Perhaps it’s easy for people to judge pop stars so harshly when they give us so much of themselves, or at least their public personae. I put an emphasis on Sia’s backstory because her name gets tossed around in the music world, oftentimes with little understanding of her previous work as a solo artist, rather than a songwriter to the stars. Both have allowed her to create 1000 Forms of Fear, an album full of lingering songs that strike the right balance between violently raw emotion and universal uplift, between piano pop and beats the snap and pop in ways that are just a little off, recalling the patchwork quirk of some of Furler’s earlier albums. “Dressed in Black,” an album standout, represents the breadth of Sia’s talents: atop a music-box melody and hard-hitting percussion, Furler suggests death by heartbreak via funeral imagery and, in a very un-Top 40 way, two minutes of freestyle wailing. It’s impossible not to feel this woman’s anguish, but the damn music-box twinkles make you think she could easily be resurrected and brush it all off.

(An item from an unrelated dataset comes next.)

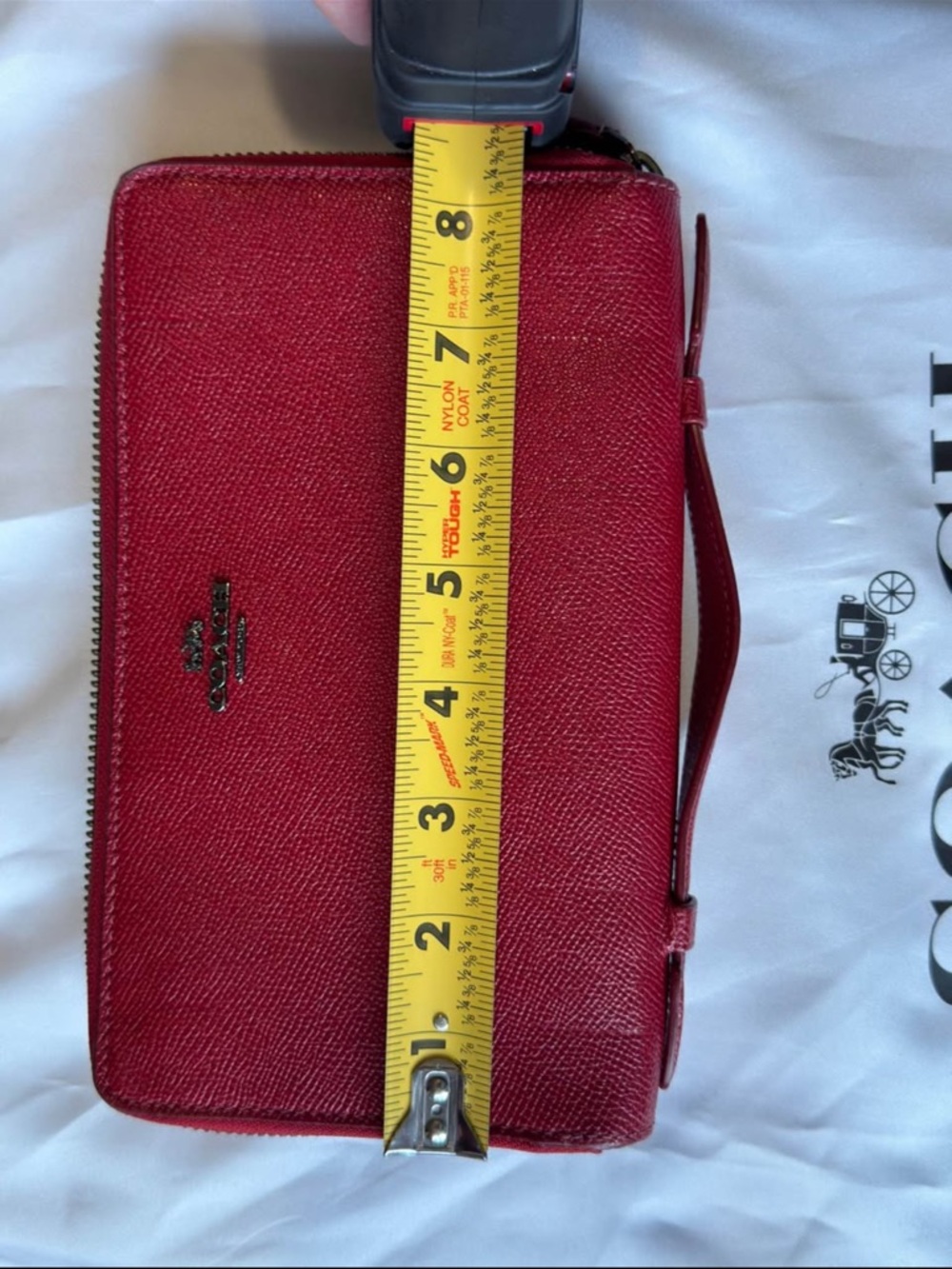 Coach Red Leather Zip Wristlet with Wrist Strap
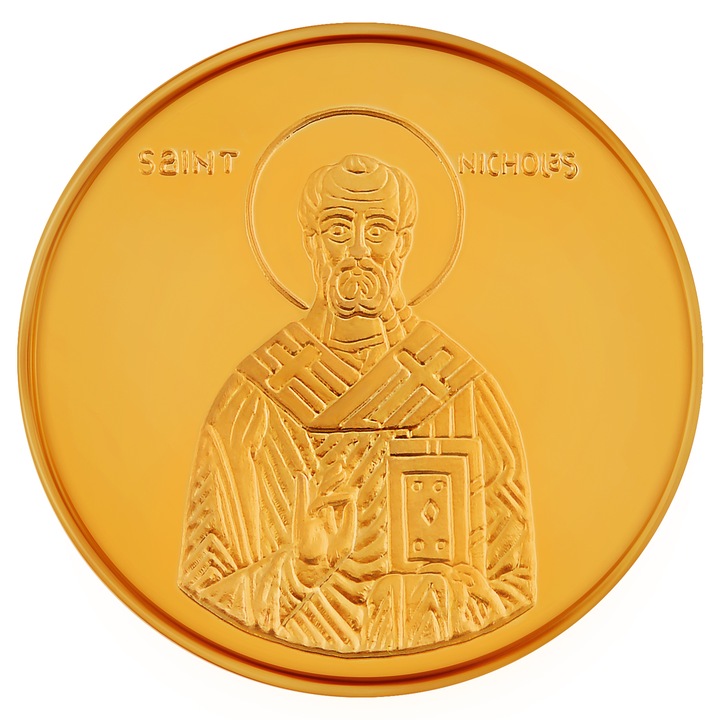 Medalie din aur Sf. Nicolae Facatorul de Minuni, Greutate 8,55 g, 0,27 oz, Diametru 30 mm, Metal: Au 999/1000, 24 carats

The real Sia is in the music, not in her proximity to established stars or an anti-fame attitude others have attempted with far less sincerity. Unconventional approaches to art often ask us to appreciate the work on its own terms, instead of in the context of conventional methods. It’s what Sia, at least in her third act as the reluctant pop star, attempts to do. And it’s a testament to 1000 Forms of Fear that you’ll enjoy the songs just as much if you fight the urge to Google Image search her.